*** Opening of SUPPLIED ENTRIES ***

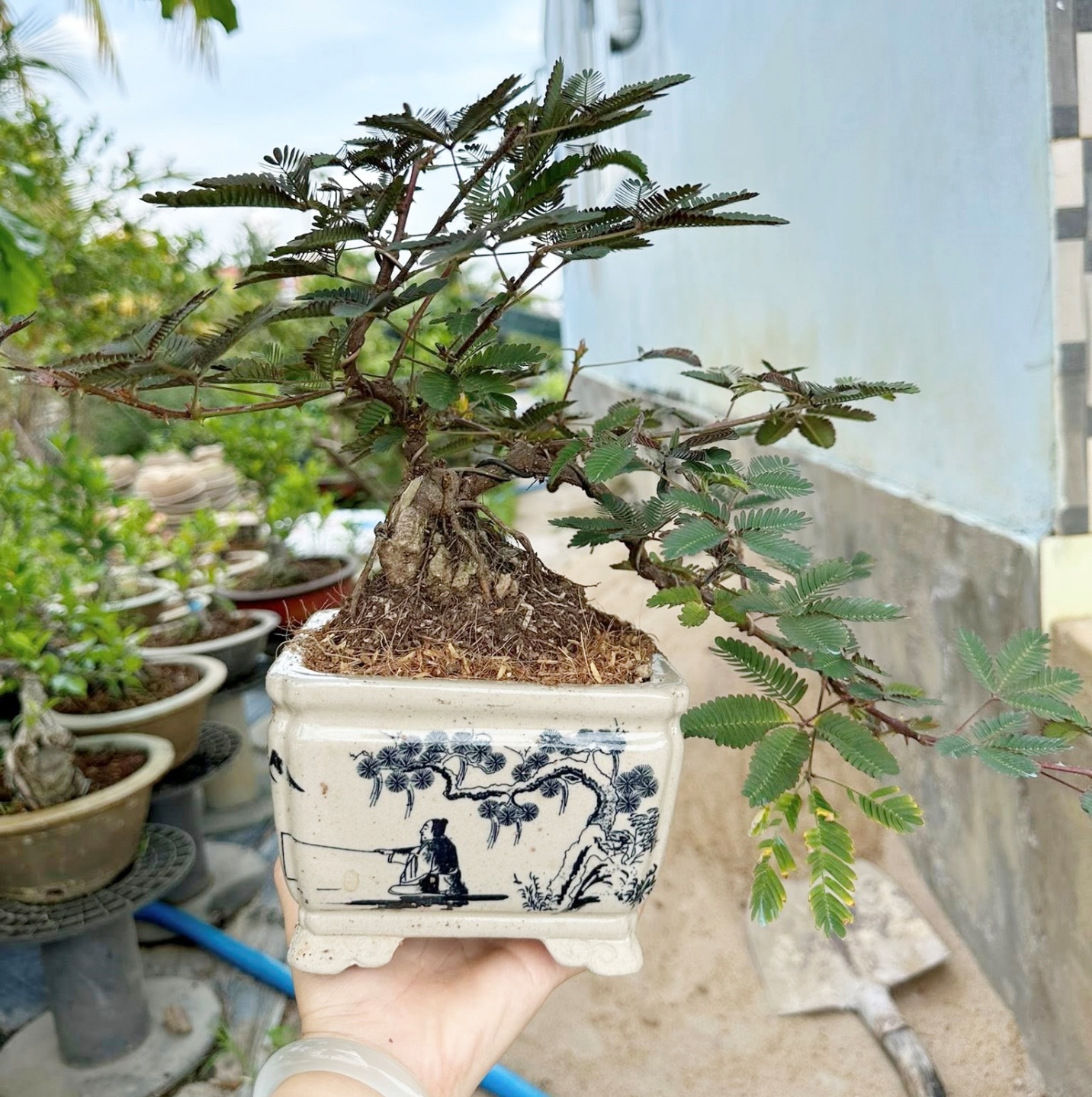 Trinh nữ bonsai có nhiều sáng thế khác nhau, với giá bán chỉ từ vài trăm nghìn đồng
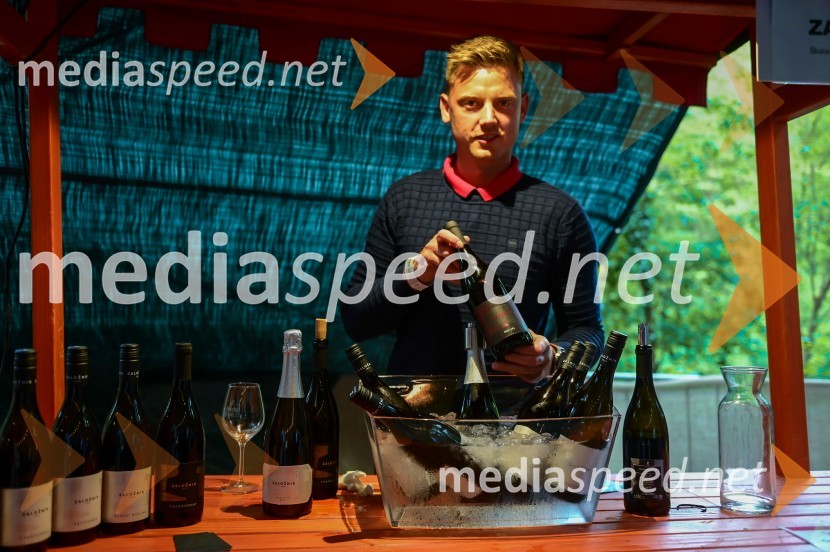 Vinska pot v rovih pod starim Kranjem, petek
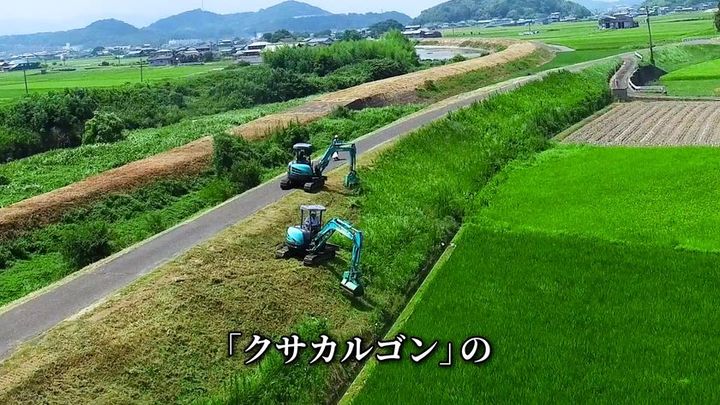 クサカルゴン 草刈り 油圧ショベル
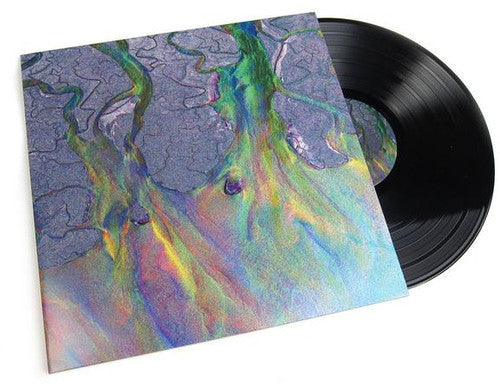 Alt-J: An Awesome Wave [ Vinyl ]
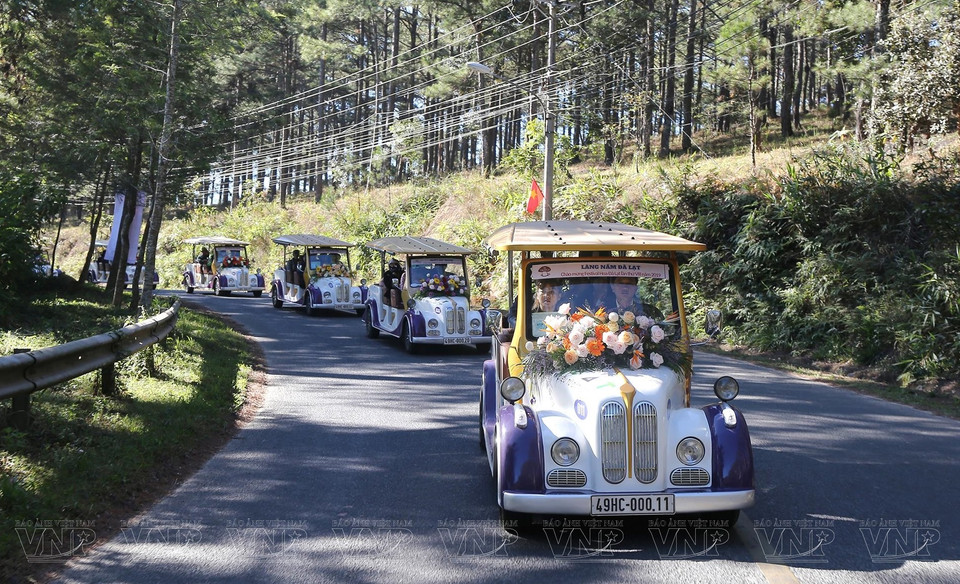Los coches eléctricos llevan a los visitantes por la calle bordeada de pinos verdes en Da Lat. (Foto: VNA)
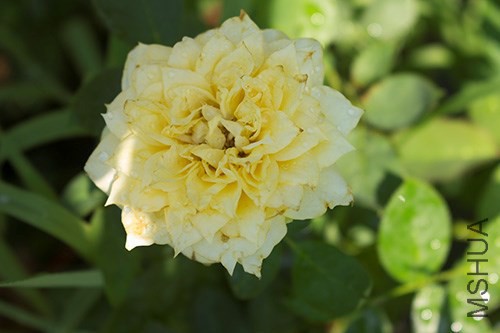 IMG_1180jpg0726.jpg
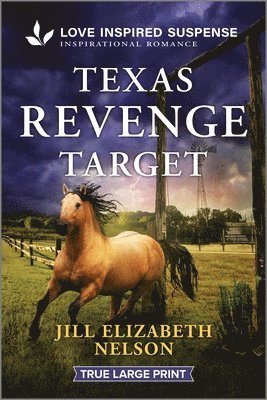 bokomslag Texas Revenge Target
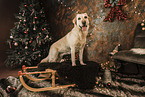 Labrador Retriever at christmas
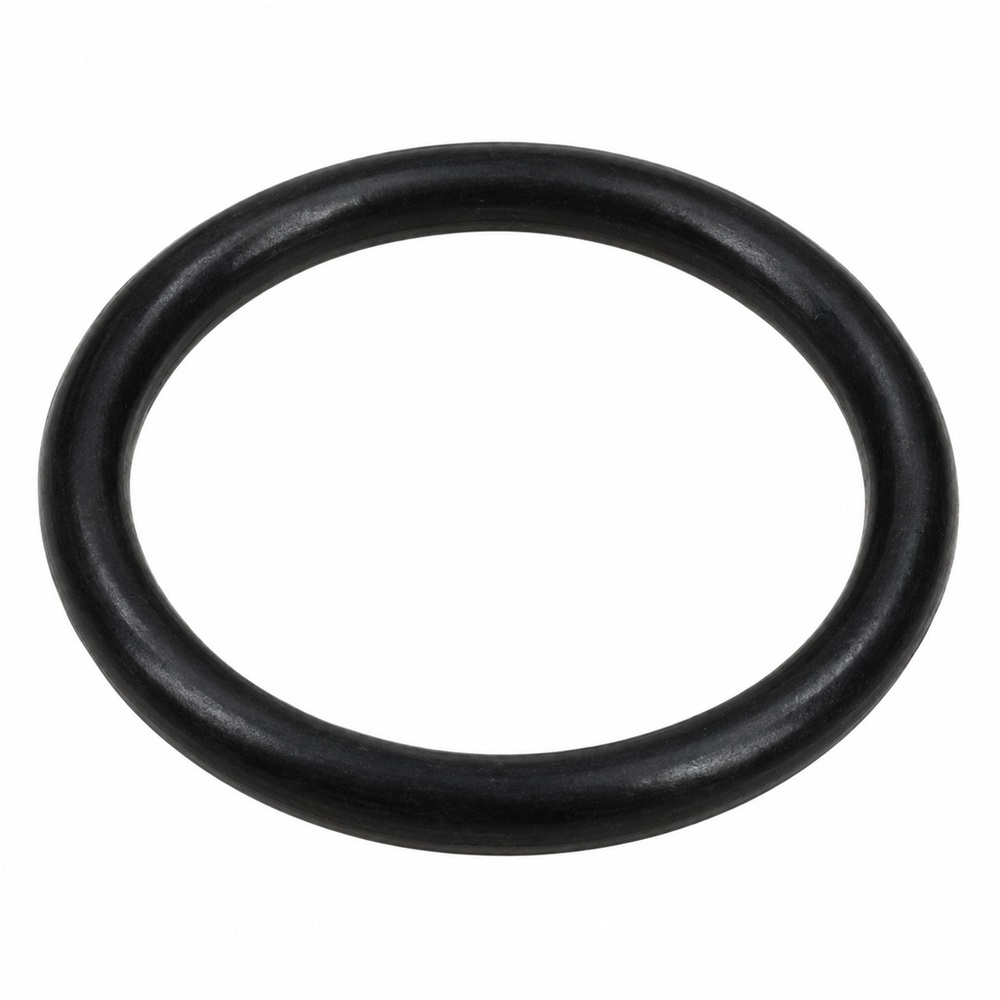 Oring 9.19x2.62 1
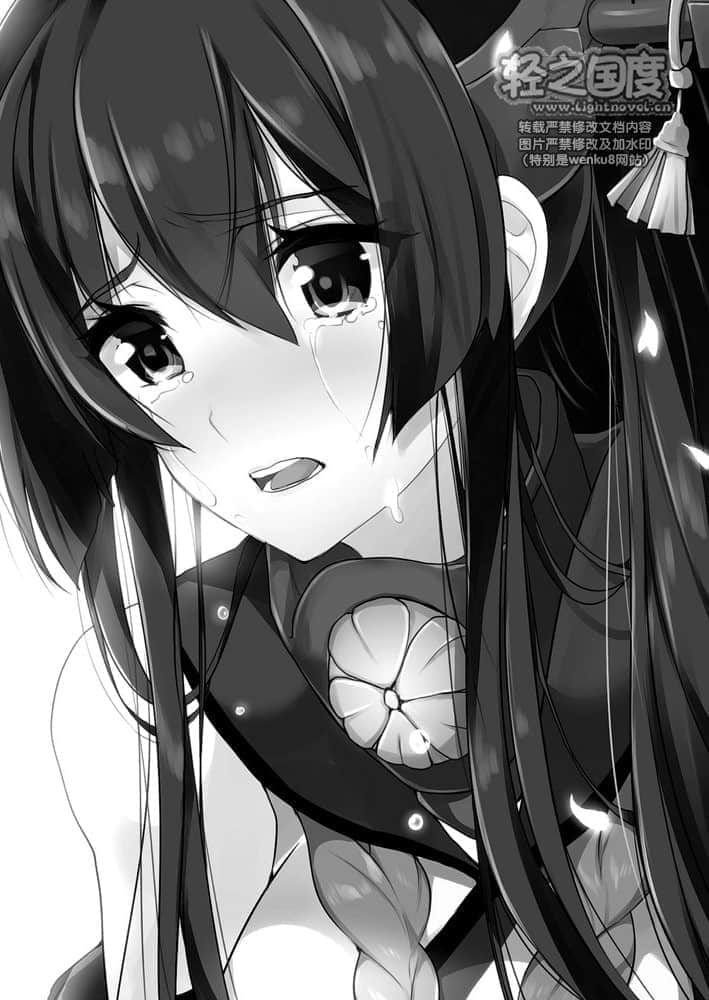 舰队Collection 鹤翼之绊小说插图（32）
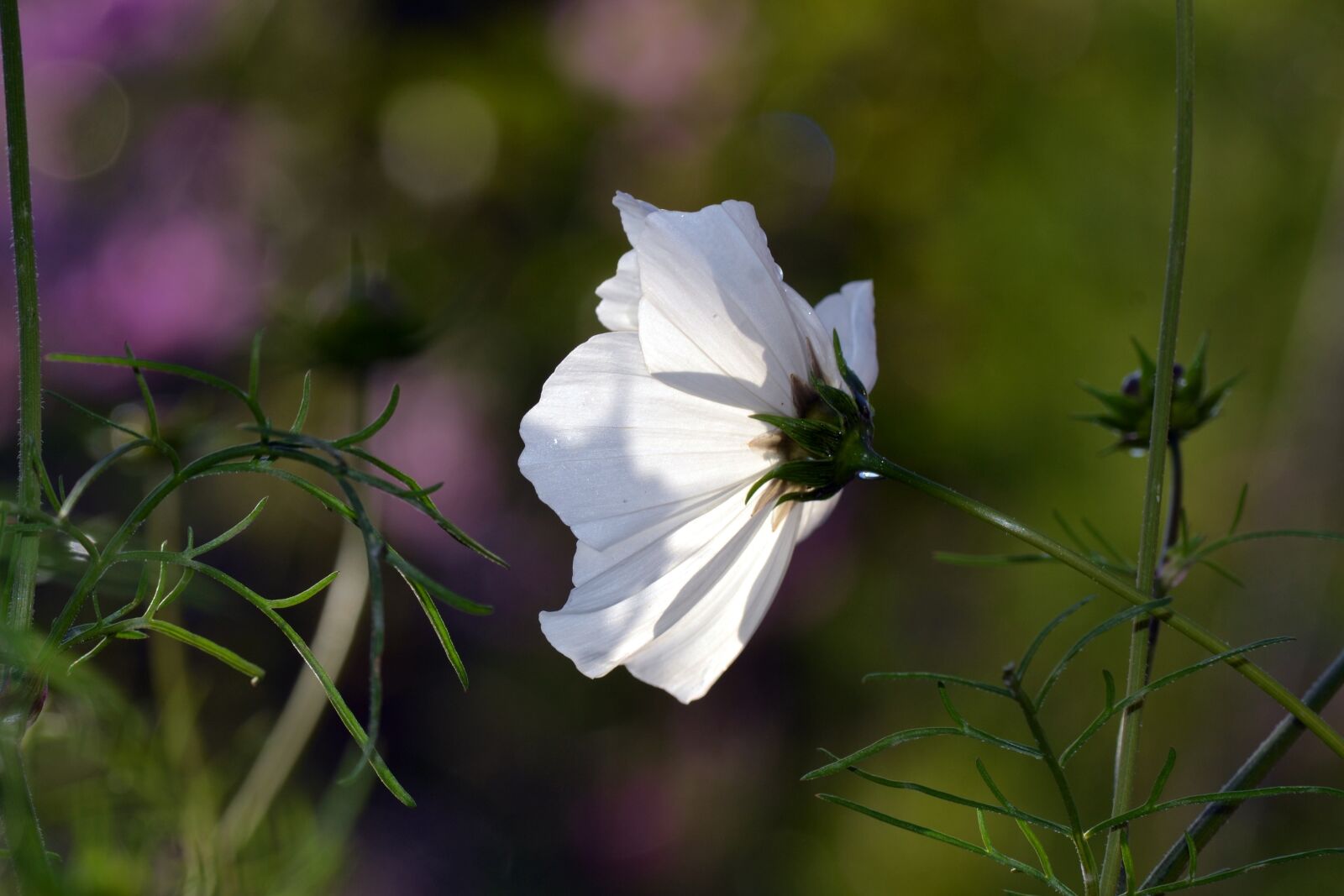Nikon D3100 sample photo. Cosmos, garden, summer photography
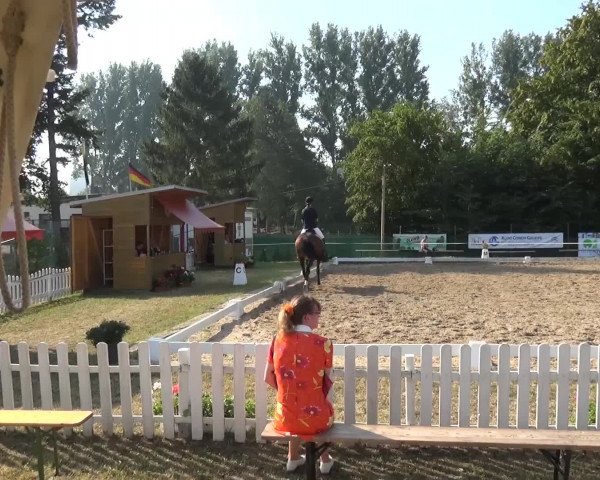 Reitturnier Düren - An der Kuhbrücke 2016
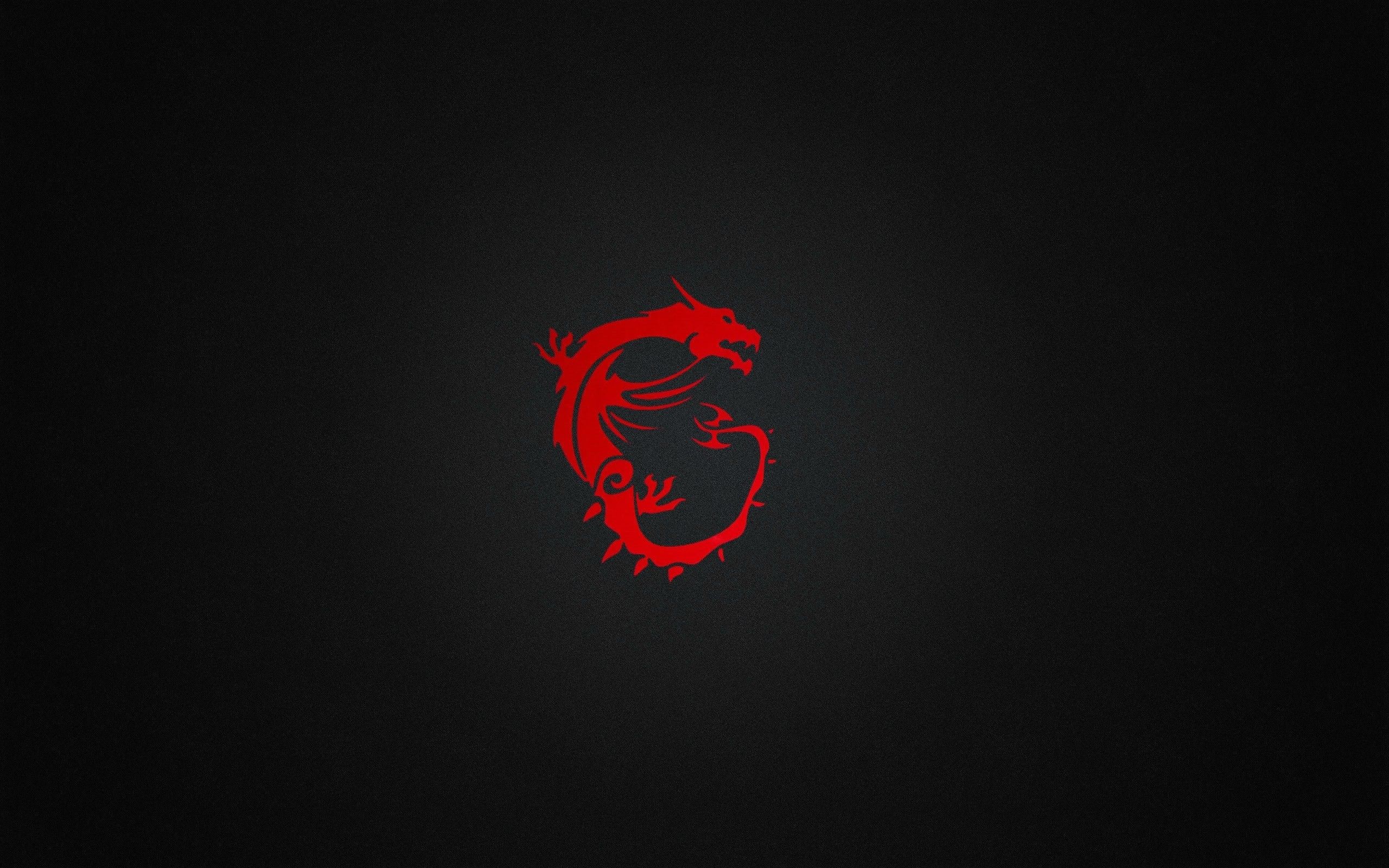 Logo drago rosso MSI, hardware gaming, 2560x1600 2K+, Desktop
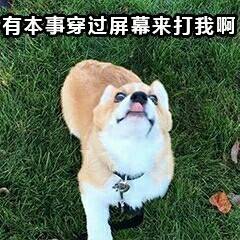 ����һ��ѧŮ�˽б����ͼƬ��ͼ4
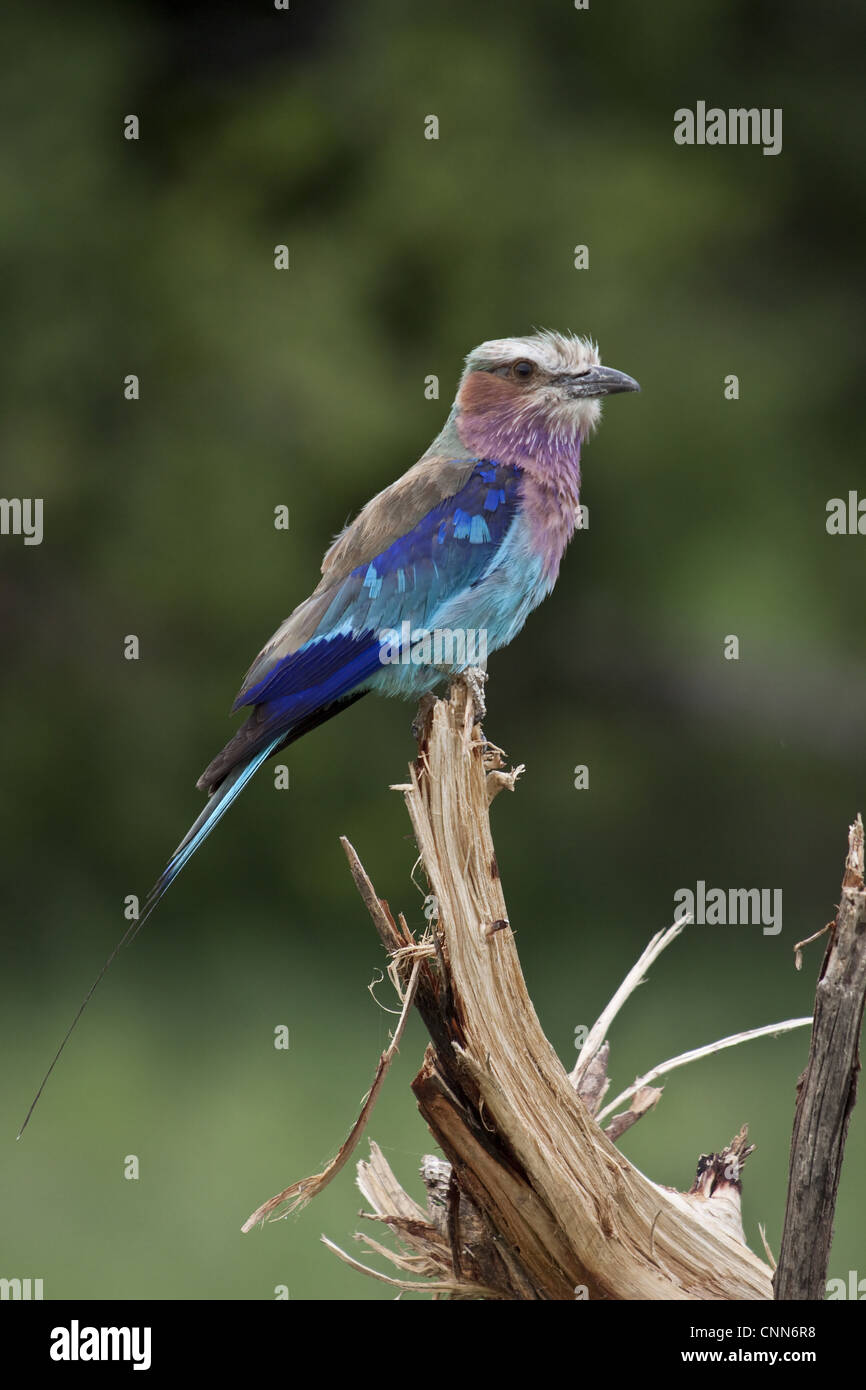 Il lilla-rullo contraffacciate Coracias caudatus stati rullo uccelli della famiglia ampiamente distribuito in Africa sub-sahariana Foto Stock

*** Close of SUPPLIED ENTRIES ***

YOUR GOAL
Nothing but the lines from the one containing "Vinska pot v rovih pod starim Kranjem, petek" through the end of the entries is to be retyped, exactly as written and without pictures.

EXERCISE RESULT
 Vinska pot v rovih pod starim Kranjem, petek
 クサカルゴン 草刈り 油圧ショベル
 Alt-J: An Awesome Wave [ Vinyl ]
Los coches eléctricos llevan a los visitantes por la calle bordeada de pinos verdes en Da Lat. (Foto: VNA)
 IMG_1180jpg0726.jpg
 bokomslag Texas Revenge Target
 Labrador Retriever at christmas
 Oring 9.19x2.62 1
 舰队Collection 鹤翼之绊小说插图（32）
Nikon D3100 sample photo. Cosmos, garden, summer photography
 Reitturnier Düren - An der Kuhbrücke 2016
 Logo drago rosso MSI, hardware gaming, 2560x1600 2K+, Desktop
 ����һ��ѧŮ�˽б����ͼƬ��ͼ4
 Il lilla-rullo contraffacciate Coracias caudatus stati rullo uccelli della famiglia ampiamente distribuito in Africa sub-sahariana Foto Stock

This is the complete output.